↓

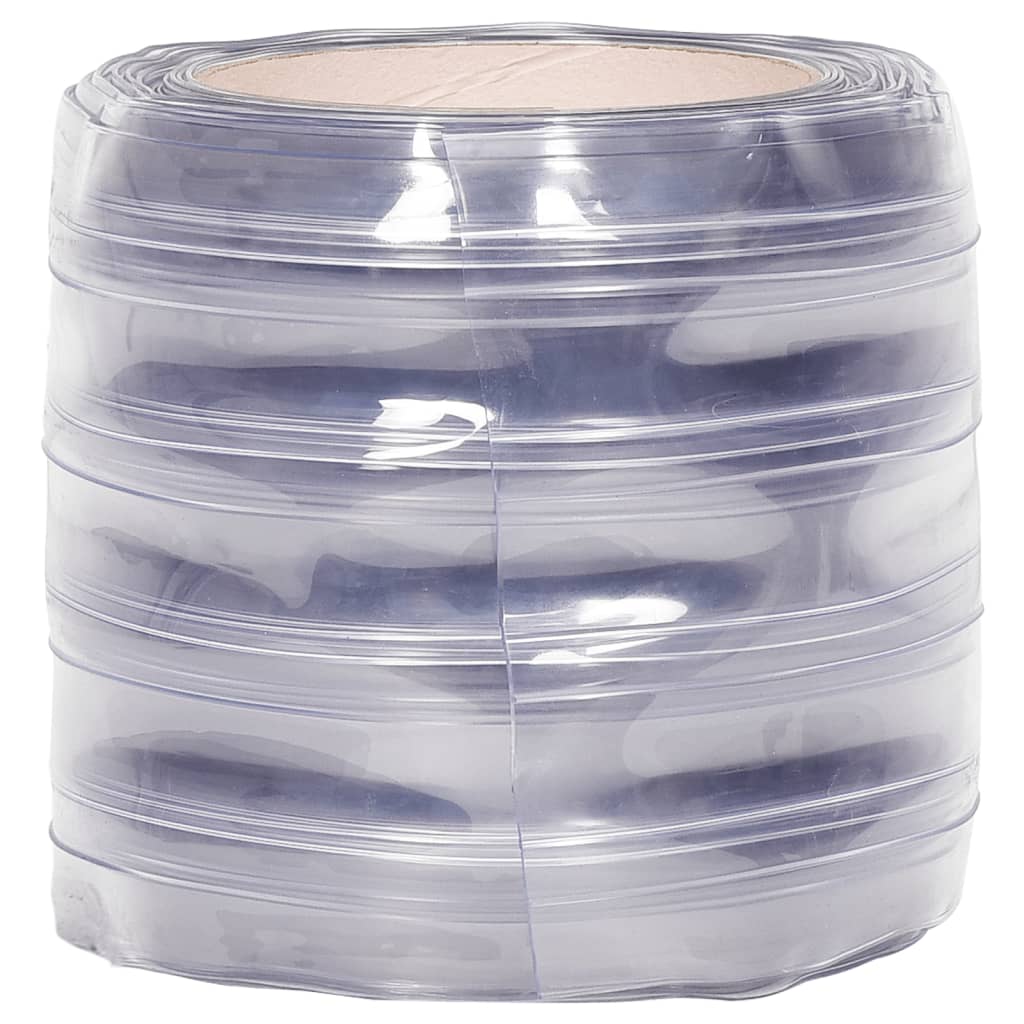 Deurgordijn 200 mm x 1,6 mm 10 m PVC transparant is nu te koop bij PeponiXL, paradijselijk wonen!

↑
↓

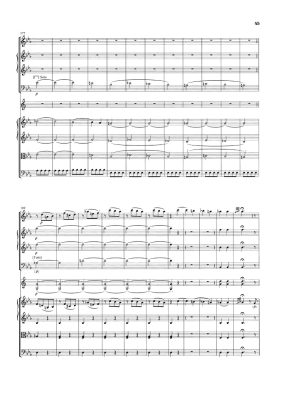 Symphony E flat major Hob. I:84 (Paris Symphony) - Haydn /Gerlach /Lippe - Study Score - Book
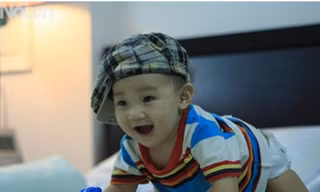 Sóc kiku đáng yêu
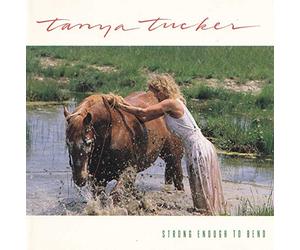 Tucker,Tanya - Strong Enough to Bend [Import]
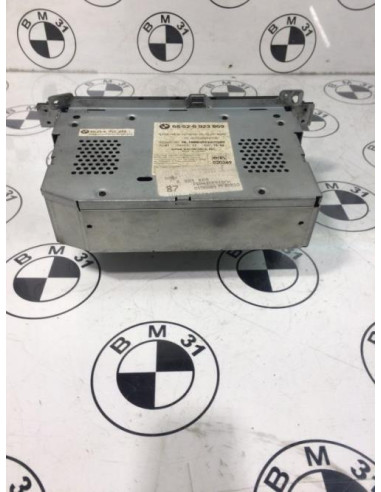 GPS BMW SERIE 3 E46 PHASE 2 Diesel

↑

Exercise description: Find the line with "Tucker,Tanya - Strong" in the data above, and from there retype each line exactly through the line with "GPS BMW SERIE 3 E46 PHASE 2 Diesel", skipping the pictures along the way.

Output of the task:
 Tucker,Tanya - Strong Enough to Bend [Import]
 GPS BMW SERIE 3 E46 PHASE 2 Diesel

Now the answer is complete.